━━━━━ Data for this exercise ━━━━━

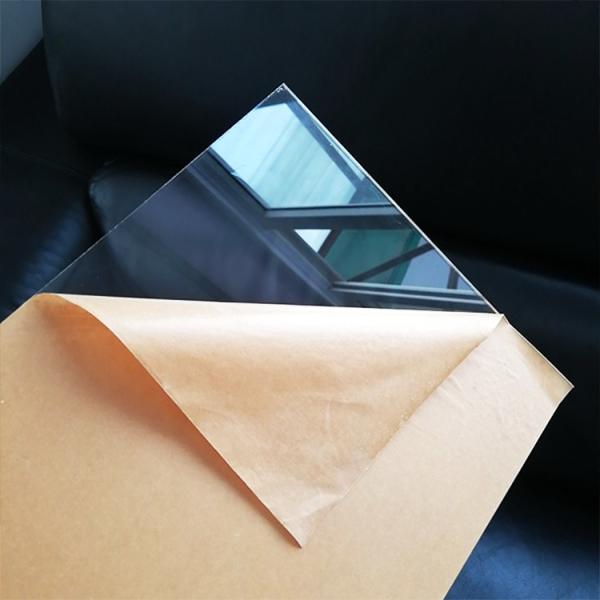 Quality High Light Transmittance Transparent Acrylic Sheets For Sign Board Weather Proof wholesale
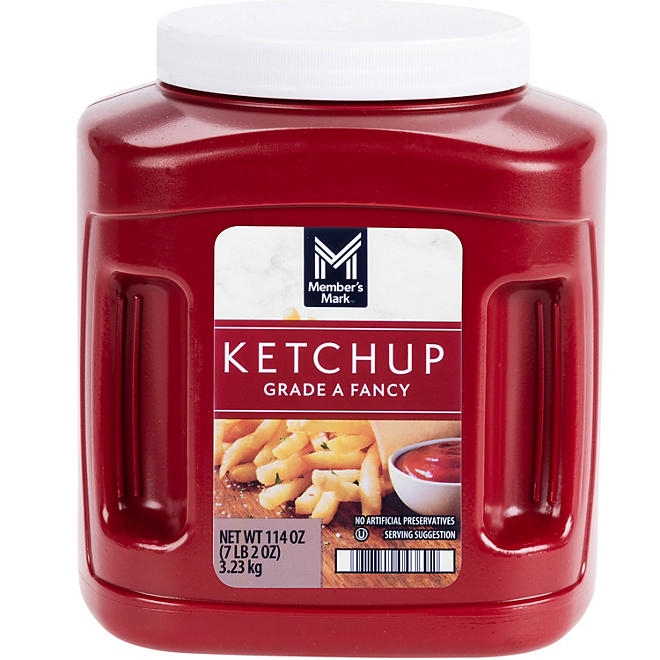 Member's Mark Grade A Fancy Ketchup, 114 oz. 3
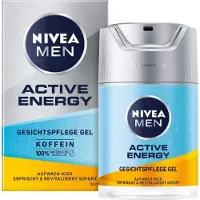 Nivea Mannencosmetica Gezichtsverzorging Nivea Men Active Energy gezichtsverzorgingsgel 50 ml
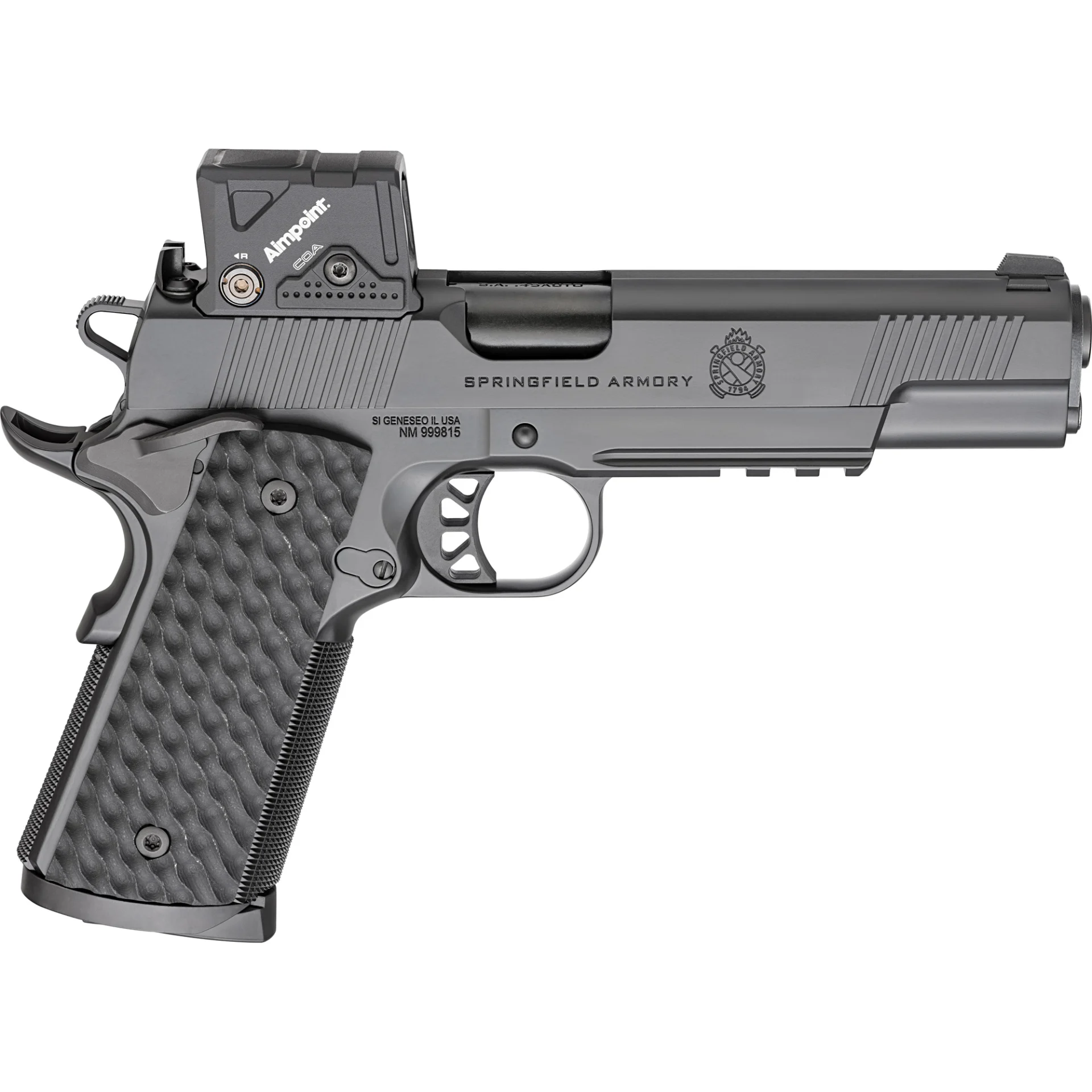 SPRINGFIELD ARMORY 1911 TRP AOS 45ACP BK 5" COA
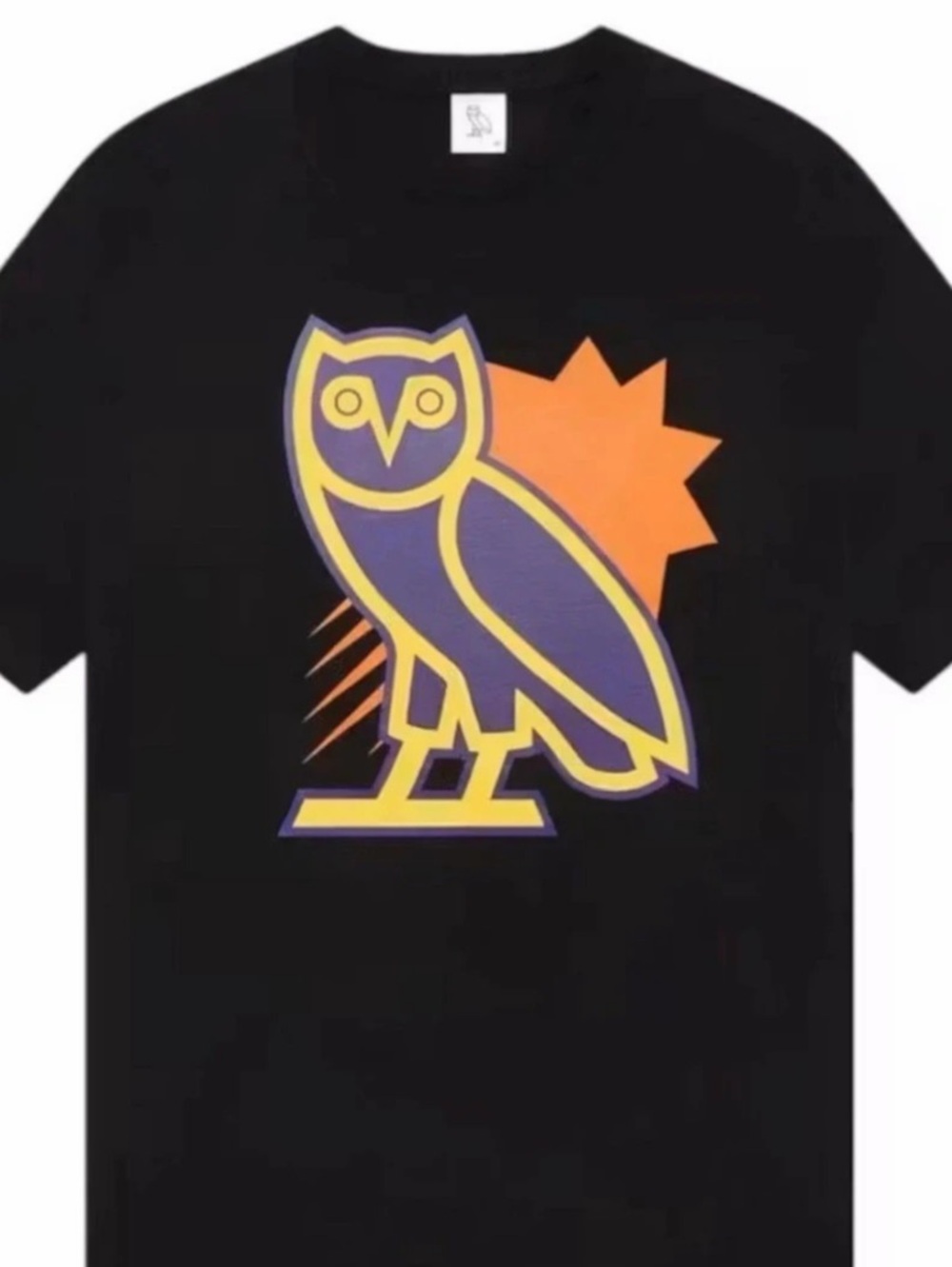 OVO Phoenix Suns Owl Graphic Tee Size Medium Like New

━━━━━

— Exercise aim —
Repeat each record exactly as shown above, dropping all images.

— Answer below —
 Quality High Light Transmittance Transparent Acrylic Sheets For Sign Board Weather Proof wholesale
 Member's Mark Grade A Fancy Ketchup, 114 oz. 3
 Nivea Mannencosmetica Gezichtsverzorging Nivea Men Active Energy gezichtsverzorgingsgel 50 ml
 SPRINGFIELD ARMORY 1911 TRP AOS 45ACP BK 5" COA
 OVO Phoenix Suns Owl Graphic Tee Size Medium Like New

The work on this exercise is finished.